What you have to do: Give back exactly the stretch of data below from the line holding "Sjef Schurgers" through the line holding "Profile image of イルグ", both ends included, and leave the remaining lines out.

Input data:
══════════════════════════════

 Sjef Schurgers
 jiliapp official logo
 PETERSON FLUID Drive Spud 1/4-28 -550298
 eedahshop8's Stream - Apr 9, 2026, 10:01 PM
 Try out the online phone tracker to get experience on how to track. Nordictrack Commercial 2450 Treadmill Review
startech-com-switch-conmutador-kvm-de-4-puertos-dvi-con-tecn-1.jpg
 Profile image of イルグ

══════════════════════════════

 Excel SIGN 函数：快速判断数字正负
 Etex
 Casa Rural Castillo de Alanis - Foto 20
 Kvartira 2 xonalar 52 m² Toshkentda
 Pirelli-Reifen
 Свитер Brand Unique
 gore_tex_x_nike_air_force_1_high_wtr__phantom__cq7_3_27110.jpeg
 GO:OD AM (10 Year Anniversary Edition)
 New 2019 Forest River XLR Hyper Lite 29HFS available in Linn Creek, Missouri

══════════════════════════════

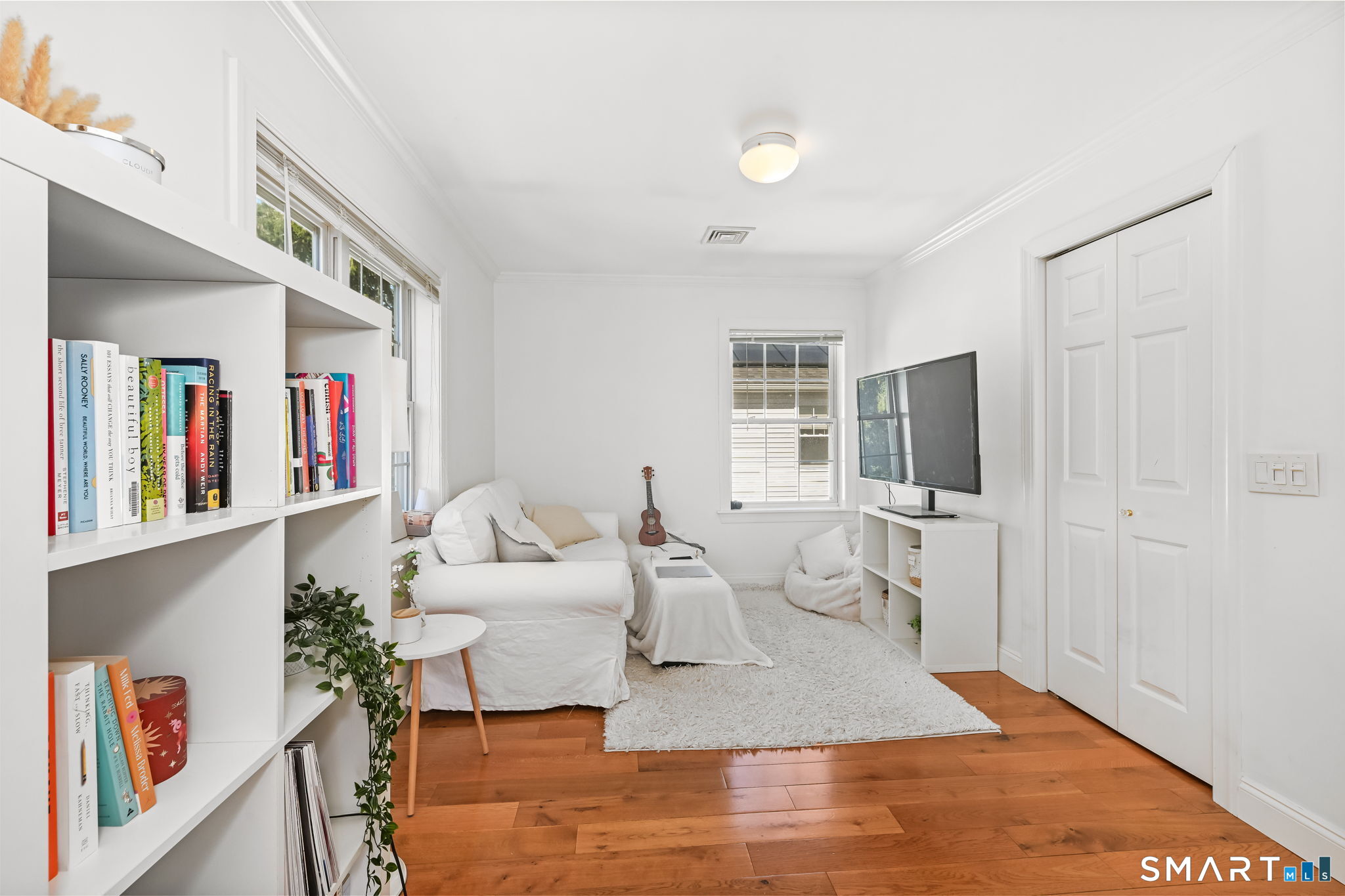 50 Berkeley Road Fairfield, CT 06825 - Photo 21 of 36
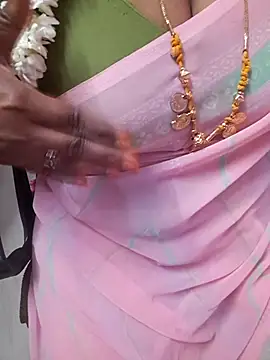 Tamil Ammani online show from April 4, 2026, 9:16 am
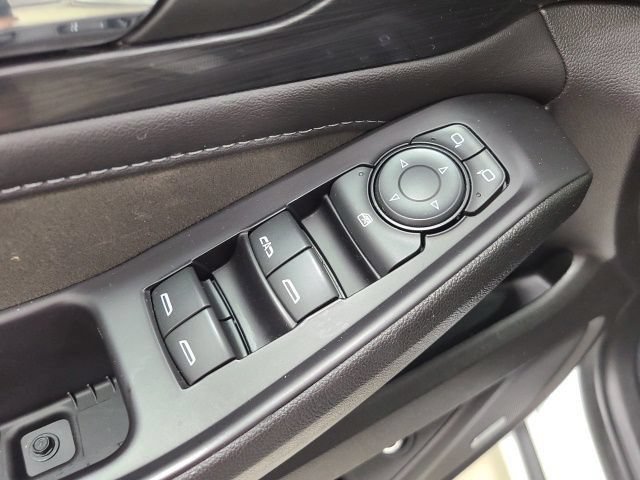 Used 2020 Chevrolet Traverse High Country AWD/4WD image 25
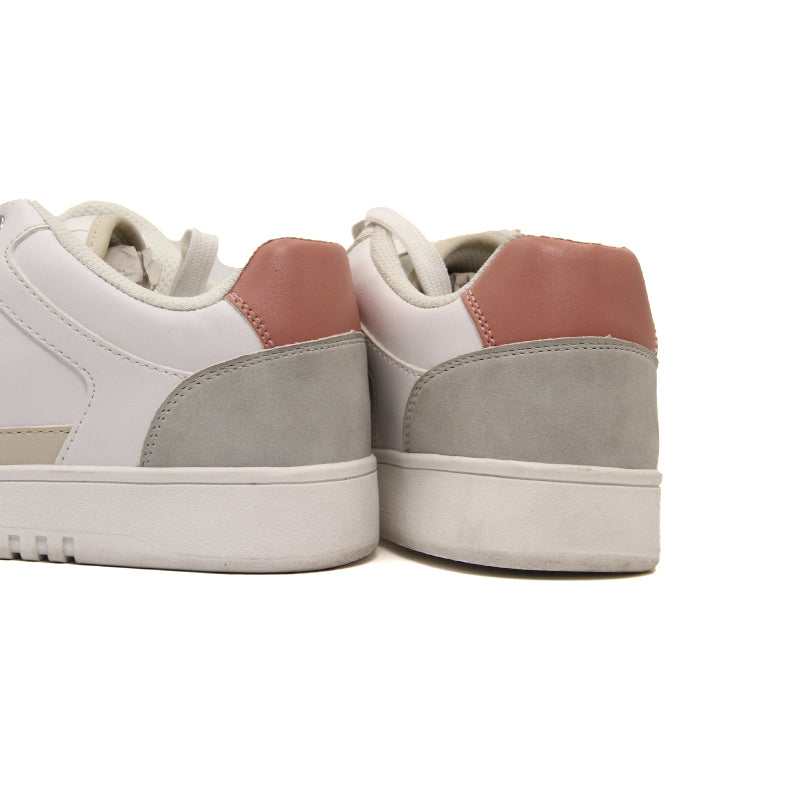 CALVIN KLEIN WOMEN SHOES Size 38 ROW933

══════════════════════════════

Solution:
 Sjef Schurgers
 jiliapp official logo
 PETERSON FLUID Drive Spud 1/4-28 -550298
 eedahshop8's Stream - Apr 9, 2026, 10:01 PM
 Try out the online phone tracker to get experience on how to track. Nordictrack Commercial 2450 Treadmill Review
startech-com-switch-conmutador-kvm-de-4-puertos-dvi-con-tecn-1.jpg
 Profile image of イルグ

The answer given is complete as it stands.